Parts of MeerKAT have been collecting data since they were erected in 2016. At the ceremony, scientists unveiled an image made using all 64 dishes: the most detailed radio image of the centre of the Milky Way, which contains a supermassive black hole (see picture, above).

MeerKAT is expected to be completely science-ready in the next few months; two projects, one looking at fleeting astronomical events known as transients and another surveying hydrogen abundance in galaxies, are already underway. Transients include fast radio bursts, which can last for little as a few seconds and are one of the most perplexing phenomena in astronomy, while astronomers are interested in hydrogen because the abundant element is the fuel of stars, among other things, and can be used to trace the universe’s history.

MeerKAT uses a technique called interferometry in which many dishes or antennas together act as a single telescope. Each dish collects the relatively weak radio signals from space, which must be combined, filtered and turned into data that is useful to astronomers.

Astronomy ambitions

The project has spurred the country’s astronomy ambitions, which take advantage of conditions in places such as the Northern Cape, a sparsely populated area selected for its reliably cloudless skies. Those ambitions — and the allure of the SKA — have already attracted astronomers, engineers and data scientists from all over the world. Many of its SKA- and astronomy-specific research chairs – university positions dedicated to research and postgraduate training — have been conferred on foreign scientists, or attracted local scientists back from other countries.

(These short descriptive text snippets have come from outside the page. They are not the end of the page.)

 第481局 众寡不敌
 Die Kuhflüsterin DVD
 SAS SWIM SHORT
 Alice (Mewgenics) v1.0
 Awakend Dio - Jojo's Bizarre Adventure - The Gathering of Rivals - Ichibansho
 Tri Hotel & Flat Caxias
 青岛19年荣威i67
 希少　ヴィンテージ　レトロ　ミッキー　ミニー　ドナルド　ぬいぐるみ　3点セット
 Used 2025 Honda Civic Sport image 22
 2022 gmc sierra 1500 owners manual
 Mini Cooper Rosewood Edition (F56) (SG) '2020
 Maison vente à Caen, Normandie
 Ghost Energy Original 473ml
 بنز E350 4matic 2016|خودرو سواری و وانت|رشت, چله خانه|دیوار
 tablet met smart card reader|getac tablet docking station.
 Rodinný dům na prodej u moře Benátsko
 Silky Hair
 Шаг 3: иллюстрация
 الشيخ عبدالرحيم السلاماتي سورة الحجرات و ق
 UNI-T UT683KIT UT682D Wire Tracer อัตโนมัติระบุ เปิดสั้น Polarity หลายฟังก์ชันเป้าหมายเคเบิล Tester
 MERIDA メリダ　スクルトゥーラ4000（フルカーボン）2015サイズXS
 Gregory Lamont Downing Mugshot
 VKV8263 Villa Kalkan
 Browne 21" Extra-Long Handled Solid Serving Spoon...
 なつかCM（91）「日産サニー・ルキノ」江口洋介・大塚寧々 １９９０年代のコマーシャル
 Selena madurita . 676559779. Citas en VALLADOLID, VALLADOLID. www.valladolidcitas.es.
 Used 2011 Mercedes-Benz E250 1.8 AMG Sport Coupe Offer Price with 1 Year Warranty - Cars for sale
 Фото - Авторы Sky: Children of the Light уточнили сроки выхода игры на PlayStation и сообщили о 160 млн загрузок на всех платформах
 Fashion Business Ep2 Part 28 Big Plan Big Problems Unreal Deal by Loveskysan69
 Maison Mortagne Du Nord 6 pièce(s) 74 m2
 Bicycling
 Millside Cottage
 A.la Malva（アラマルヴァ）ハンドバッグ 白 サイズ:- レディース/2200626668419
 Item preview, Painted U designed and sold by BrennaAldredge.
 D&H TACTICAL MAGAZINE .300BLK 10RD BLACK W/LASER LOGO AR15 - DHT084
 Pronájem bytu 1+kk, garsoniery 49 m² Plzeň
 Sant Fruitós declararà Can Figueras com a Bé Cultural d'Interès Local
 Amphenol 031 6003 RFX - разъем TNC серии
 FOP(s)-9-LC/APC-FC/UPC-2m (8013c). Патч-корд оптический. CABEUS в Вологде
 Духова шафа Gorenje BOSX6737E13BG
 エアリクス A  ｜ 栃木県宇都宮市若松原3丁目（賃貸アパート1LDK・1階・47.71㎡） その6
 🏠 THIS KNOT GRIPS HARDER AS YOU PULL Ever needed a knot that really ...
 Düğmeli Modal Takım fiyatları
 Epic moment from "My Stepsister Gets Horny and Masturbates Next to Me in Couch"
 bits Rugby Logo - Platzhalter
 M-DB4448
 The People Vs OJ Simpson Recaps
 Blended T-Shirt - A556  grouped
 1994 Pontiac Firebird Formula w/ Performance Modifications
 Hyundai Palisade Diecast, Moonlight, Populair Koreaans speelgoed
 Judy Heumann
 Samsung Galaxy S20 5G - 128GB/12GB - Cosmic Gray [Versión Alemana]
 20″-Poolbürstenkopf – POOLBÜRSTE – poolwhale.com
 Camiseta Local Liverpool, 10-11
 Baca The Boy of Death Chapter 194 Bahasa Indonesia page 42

"MeerKAT is what attracted me to South Africa," says Fernando Camilo, chief scientist at the South African Radio Astronomy Observatory, who moved from the United States in 2016 to South Africa to join the MeerKAT project.

In the early 2000s, before the country threw its hat into the ring to host the SKA and began a concerted effort to grow its astronomy-researcher base, there were about 10 dedicated radio astronomers, says Justin Jonas, chief technologist at the South Africa Radio Astronomy Observatory and an initial driver of the SKA project in South Africa. Many of its universities now have strong radio astronomy groups. “Back in the day, our astronomers went abroad to do astronomy, now we’re the attraction,” he says.

Scientists and officials expect that MeerKAT will continue to raise the profile of South African science. For now, scientists are itching to get their hands on the MeerKAT data "The provisional data is better than we expected," says Michael Kramer, director of the Max-Planck-Institut für Radioastronomie in Germany, who is involved in a project looking for transients and pulsars using MeerKAT.

He says that some of his colleagues have moved to South Africa to be part of the project, while others visit regularly. “Having the best telescope of its kind will do that.”

MeerKAT will accommodate eight ‘large survey’ projects, some headed by South Africans, some by foreign scientists, each allocated more than 1,000 hours of observing time over five years. More than half of these will investigate hydrogen, says Camilo. The remaining observing time, about one-third, will be allocated to astronomers worldwide through an open call.

The 64 MeerKAT dishes will eventually be absorbed into the first phase of the SKA, which will consist of another 130 dishes in South Africa and up to a 130,000 antennae in Australia. Construction is expected to begin in 2020.